Par ce portrait nous apprenons que l’oncle Mamadou était un homme soigneux de sa personne et très pratiquant de sa religion, un homme « civilisé » et respectueux de la tradition.

Marie « était métisse, très claire de teint, presque blanche en vérité, et très belle, sûrement la plus belle des jeunes filles de l’école primaire supérieure ; à mes yeux, elle était belle comme une fée ! Elle était douce et avenante, et de la plus admirable égalité d’humeur. Et puis elle avait la chevelure exceptionnellement longue : ses nattes lui tombaient jusqu’aux reins. » (p.182-183)

La beauté de Marie enivrait Camara Laye et ensorcelait tous les compagnons, qui mouraient d’envie de sortir avec elle. Mais cette dernière n’avait d’yeux que pour Camara Laye et vice-versa. A sa beauté s’ajoutait la bonté. Cette description vise à faire comprendre au lecteur le degré d’attachement de ces deux personnages.

 

Check Omar :

Camara Laye décrit cet ami dont l’aspect extérieur reflète un mal intérieur certain : « Mais n’était-il que surmené ? Il avait mauvais teint et il avait les traits tirés…Non, me dit Kouyaté, Check est malade. Il est sans appétit et il maigrit, et malgré cela son ventre enfle… (p.204)

Et un peu plus loin : sa figure était si amaigrie qu’on voyait toute l’ossature se dessiner, mais ses traits n’étaient plus crispés, et il semblait que ses lèvres souriaient. » (p.207).

Ce triste tableau peint l’état moribond de Check Omar qui finira par aller ad patres.

 

Outre les traits physiques, les personnages se caractérisent aussi par le langage.

6.3. Langage des personnages

 

Le langage est la fonction d’expression de la pensée et de communication entre les humains, mise en œuvre par la parole ou par l’écriture, ou la façon de s’exprimer propre à un groupe ou à un individu. (Le Robert Collège, 1997)

Moyen par excellence de caractérisation dans un roman, le langage situe et définit le personnage : celui-ci est-il instruit ou illettré, bourgeois ou paysan, courageux ou amorphe ?

Dans L’Enfant Noir, vu la multitude d’actants, notre attention sera focalisée sur le langage des trois personnages types : l’auteur, son père et sa mère.

 

Camara Laye

Il y a, à son sujet, coexistence du langage du personnage et de l’auteur-narrateur. Comme personnage, Camara Laye avait tour à tour le langage d’un enfant craintif ou peureux, d’un garçon courageux ou brave, et d’un jeune curieux et intelligent.
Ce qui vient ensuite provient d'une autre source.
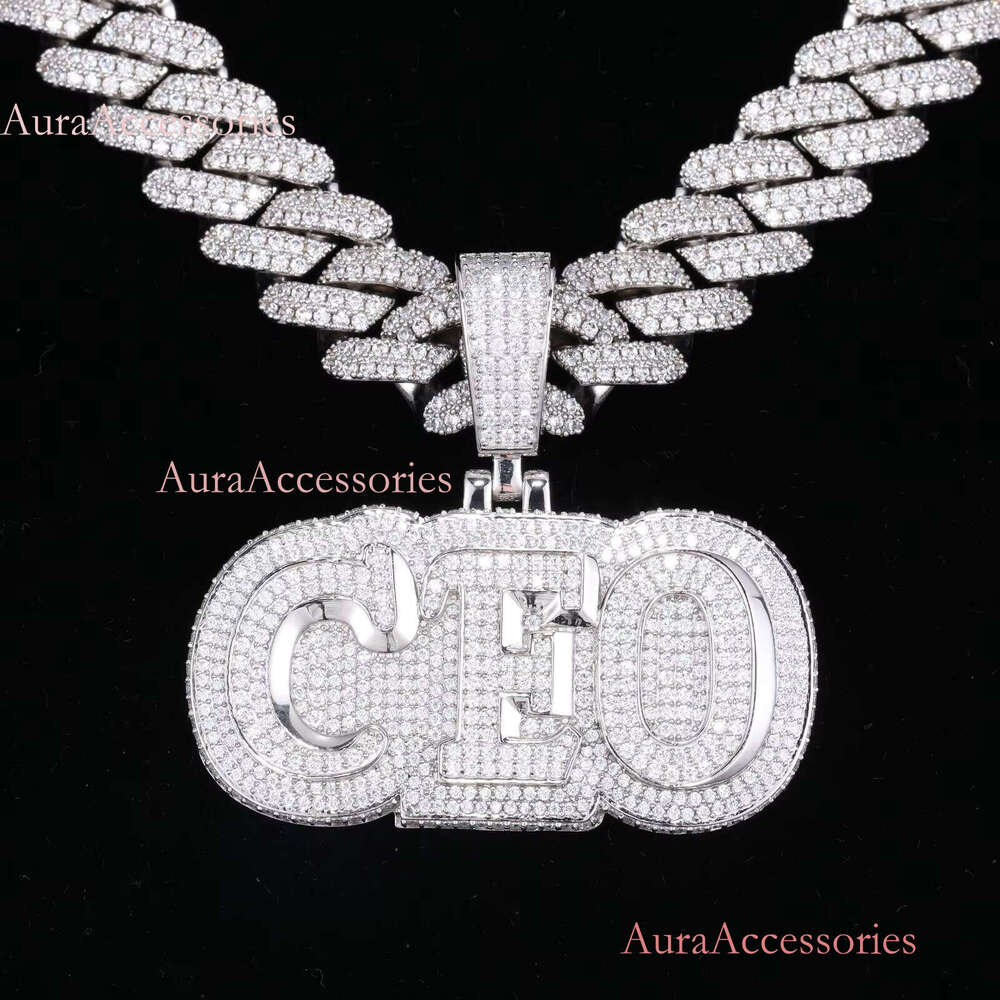 Factory Personalized Customized VVS Moissanite Dia Iced Out 3D Shadow Name S Mens Hip Hop Jewelry Letter Pendant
Alors que Kouyaté en avait assez et voulait s’en plaindre à son père, Camara Laye, par peur, le calmait : «-   Tiens-toi tranquille, disais-je. Cela ne te servira à rien… Nous étions dans la même rangée, et il était le plus proche de moi, et je craignais qu’il n’attirât encore quelque grand sur ses reins. » (p.91)

Il redoutait un renvoi après la correction que son père infligea au directeur : «  Je revins en hâte à notre concession et je dis à mon père : Pourquoi l’as-tu battu ? Maintenant on ne voudra certainement plus de moi à l’école. » (p.100)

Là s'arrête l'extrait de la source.